Data in Brief (Aug 2021)
Benchmark datasets incorporating diverse tasks, sample sizes, material systems, and data heterogeneity for materials informatics
Abstract
Materials discovery via machine learning has become an increasingly popular method due to its ability to rapidly predict materials properties in a time-efficient and low-cost manner. However, one limitation in this field is the lack of benchmark datasets, particularly those that encompass the size, tasks, material systems, and data modalities present in the materials informatics literature. This makes it difficult to identify optimal machine learning model choices including algorithm, model architecture, data splitting, and data featurization for a given task. Here, we attempt to address this lack of benchmark datasets by assembling a unique repository of 50 different datasets for materials properties.
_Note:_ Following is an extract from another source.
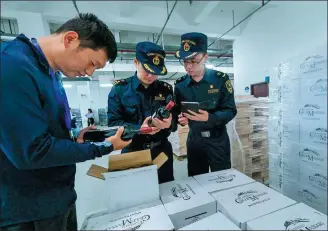 ?? XU YU / XINHUA ?? Customs officials check imported wines in Lishui, Zhejiang province.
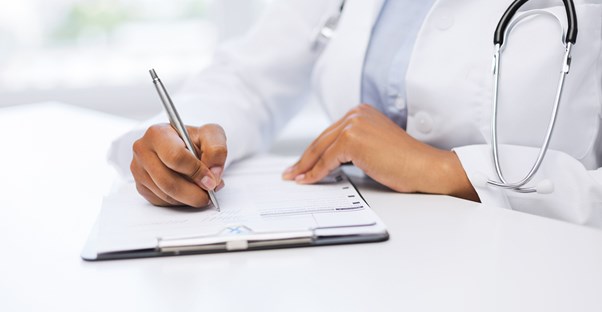 a doctor writes out the symptoms of a blood clot onto a medical pad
The data contains both experimental and computational data, data suited for regression as well as classification, sizes ranging from 12 to 6354 samples, and materials systems spanning the diversity of materials research. Data were extracted from 16 publications. In addition to cleaning the data where necessary, each dataset was split into train, validation, and test splits. For datasets with more than 100 values, train-val-test splits were created, either with a 5-fold or 10-fold cross-validation method, depending on what each respective paper did in their studies. Datasets with less than 100 values had train-test splits created using the Leave-One-Out cross-validation method. These benchmark data can serve as a basis for a more diverse benchmark dataset in the future to further improve their effectiveness in the comparison of machine learning models.